E-e-e-e-eggs in Be-e-ed???????

 eggs

By: Anna Ludlum

Beginning Reading

Rationale: Children with a good foundation of phonemic awareness need explicit and systematic phonics instruction in order to be able to read.  Beginning readers need to know that that words are made of sounds.  They also need to know the correspondences between written letters and their phonemes. Because all words contain vowels, it is usually best to begin teaching vowels.    Short vowels are the easiest to teach because they are most commonly found in words with only one vowel.  This lesson will focus on e = /e/.  Students will review the short e sound, and then they will move on to learn that the letter e, when by itself says /e/.  Then the students will practice spelling and reading words with the /e/ sound. 

 

Materials: Class set of Elkonin boxes
Class set of letter manipulatives
Overhead Elkonin boxes and letter manipulatives (e, d, s, t, b, n, h, l, f, r)
Class set of  A New Bed by Joy Cowley
Worksheet with pictures of a bed, red, leg, hen, sled, test, and chair, blue, arm, tree, and note

 

Procedures:
1. Introduce by explaining reading as a puzzle. Letters give us clues to tell us which sounds to make with our mouth. Today we are going to talk about what sound to make if we see an e.  When you see an e in a word then that e makes the older lady who is hard of hearing sound /e/. Say /e/ with me. The /e/ might not be easy to find in words but let's try some anyway. Notice that you just have to open your mouth just a little bit and your tongue gets to be lazy and sit one the bottom of your mouth. Now lets say a tongue twister for the /e/ sound.  “Eddy fed Red eggs in bed.”

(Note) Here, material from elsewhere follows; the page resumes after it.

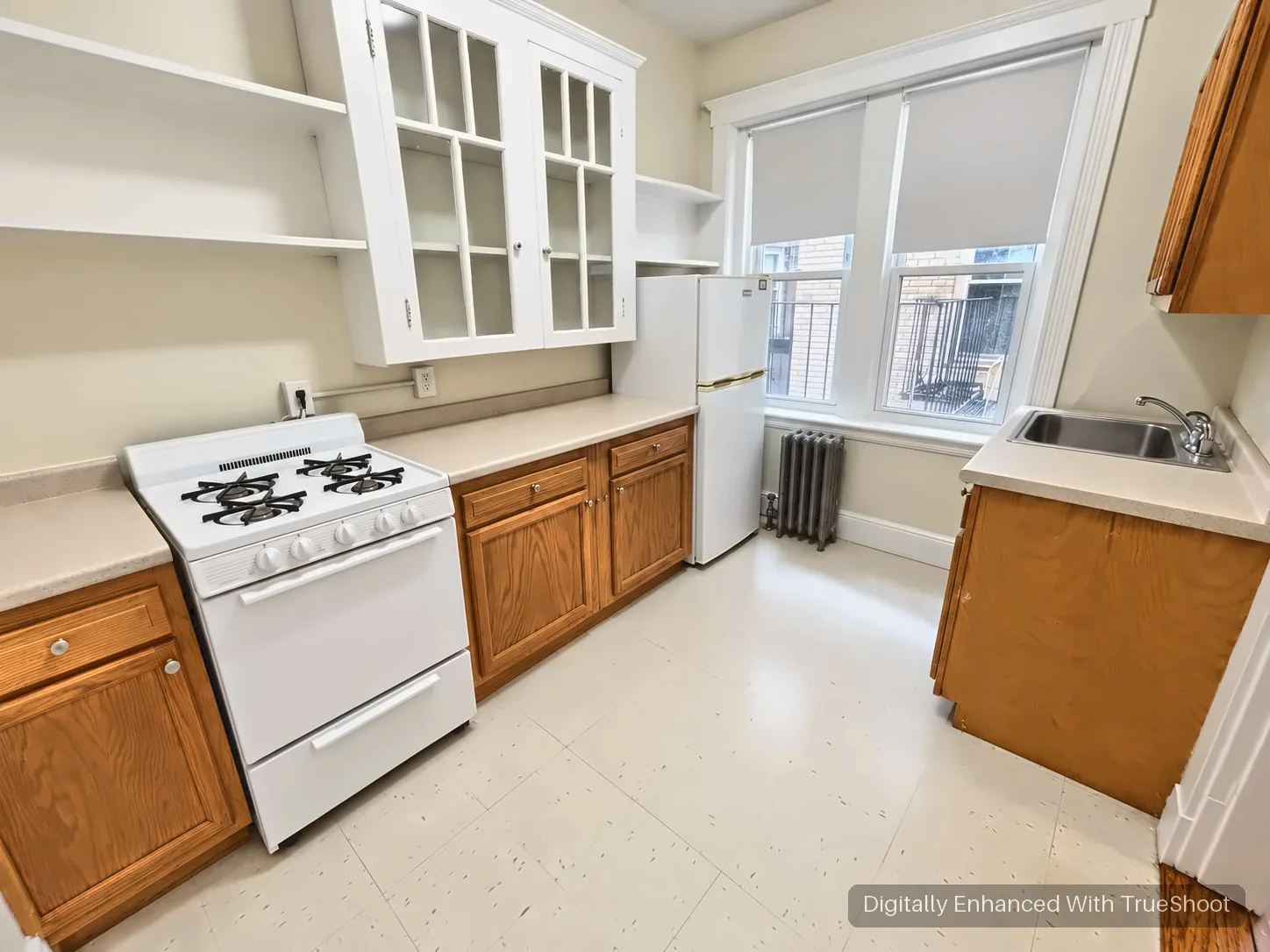 1 bed, 1 bath apartment for rent at 1800 Commonwealth Ave Unit 15, Brighton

2. "Can anyone give me a word with our hard of hearing sound in it?"  Write the words that the students call out on the board if they do have the /e/ sound.  Explain the correspondence.  Use bed as an example.  "Let’s look at this word,/b/ /e/ /d/." (point to each letter as you say the sound) "Which letter makes the /e/ sound? The e in bed makes the /e/ sound.  Let’s say the word bed together and stretch out the middle sound.  /b/ /eeeeee/ /d/." 

3. Have students take out their Elkonin boxes and letters.  "Now we are going to practice spelling some words with the /e/ sound in them." Model for the students.  "I will show you how to spell the word bed in the boxes (do on overhead).  I am going to place the letter representing each sound in its own box.  First I will put the b in the first box for /b/ sound.  Next I hear the hard of hearing sound so I need to put an e in the middle box, and in my last box I need a d for the /d/ sound.  Now I have spelled the word bed by filling up all 3 of my boxes with a letter for each sound." 

4. Now have the students try spelling some words with their boxes.  As they spell each word look around at each students work to make sure that they have correctly spelled the words.  Do not let students clear their boards until you have checked their spelling.  Start with 3 phoneme words:  fed, leg, hen, red.  Next have students add a fourth box to work on 4 phoneme words:  sent, test, fled

5. "Now I am going to spell some words, and I am going to see if you can read them back to me.  Remember, this is like a puzzle, the letters give you clues for what sounds to make.  If you think that you know the word that I am spelling, then raise your hand."  Spell out the words that you had asked the students to spell in a random order without the Elkonin boxes. 

6. Next, call students to work with you in a small group.  They will read A New Bed by Joy Cowley aloud.  Change your scaffolding to fit each students individual needs as they read aloud from the book.  Ask the students to take the book home and practice reading it. 

7. For assessment, you can give students a page with various pictures on it.  The students should circle the objects that have the /e/ sound in their name.  Then they should write the name of the object below the circled pictures only.  You may also assess the students by rereading A New Bed the next day and doing a running record on them as they read aloud. 

Reference:

Eldredge, J. Lloyd. (1995) Teaching Decoding in Holistic Classrooms. New Jersey: Prentice Hall, 54-57.
Murray, Bruce and Lesniak, T. (1999). The Letterbox Lesson: A Hands-on Approach to Teaching Decoding. The
Reading Teacher, 52. 644-650.
Cowley, Joy. A New Bed. (1997) Sunshine Readers.